The Harvard Business Review (HBR) has been publishing its list of the top 100 CEOs for years. To CEOs, it's a best practice guide, and to boards around the world, it's a shopping list. You can be sure that at least a couple of the named CEOs will get a golden handshake and a fast-track to the next level.
In previous years, the criterion for getting on the list was success; that success could be created in anyway, and to the HBR all that mattered was the name of the CEO at the top. Essentially the list comprised the top 100 poster boys for business: leaders who had created huge revenues, who had seen revenues rise exponentially and who had garnered the most media coverage.
The forgotten factors
This year, however, things have changed – and it's a change that was anticipated by the introduction of the CEO scorecard in 2010. What the CEO top 100 had not previously acknowledged were the other factors in a business' success, as well as the CEOs' long-term strategies. Effectively, the earlier lists emphasised and rewarded short-term growth, measured in business turnover, and CEO popularity.
The thinking seemed to be: if you can grow the business' turnover by 500% in a year and get your picture on the cover of Forbes, you must be a good CEO. The fact that the market was on the up, 300% of that growth was going to happen regardless, and $100 million of venture capital meant you could get your brand in the public eye was neither here nor there.
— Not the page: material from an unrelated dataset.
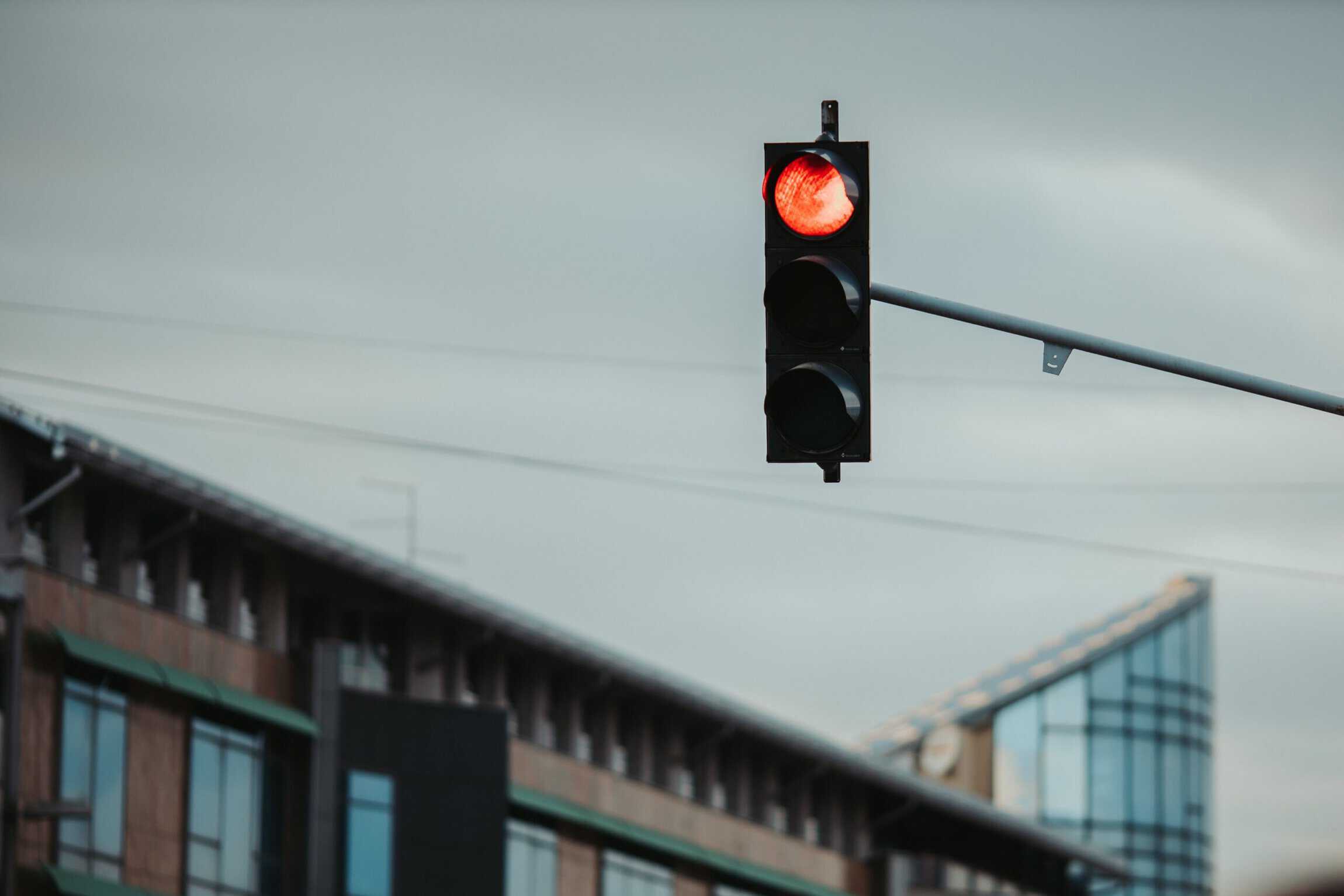 Red traffic stoplight with blurred city bacground.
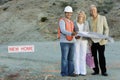 Couple With Male Foreman At Construction Site Royalty Free Stock Photo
A new way to measure ability
What it didn’t reward were those businesses who had increased profits continually and whose long-term strategies meant that they continued to grow, no matter the state of the market.
The new top 100 is based on sensible, hard facts. The list is now compiled by INSEAD academics Morten T. Hansen, Herminia Ibarra, and Urs Peyer, and is based on rigorous analysis of more than 3,000 CEOs around the world. The analysis is based on three metrics: industry-adjusted shareholder returns, country-adjusted shareholder returns, and the increase in market capitalisation during each CEO's tenure.
While shareholder returns are valuable, it's the last piece of information that makes all the difference. With this metric, the long-term heroes who provide a stable and well organised business can be separated from the short-term bandwagon-jumpers who are only as good as this year’s turnover figures. Proof that this is working is the inclusion at number two of CEO Jeff Bezos of Amazon.com, who over the last 19 years has delivered industry-adjusted shareholder returns of 12,266% and saw the business' value increase by $111 billion.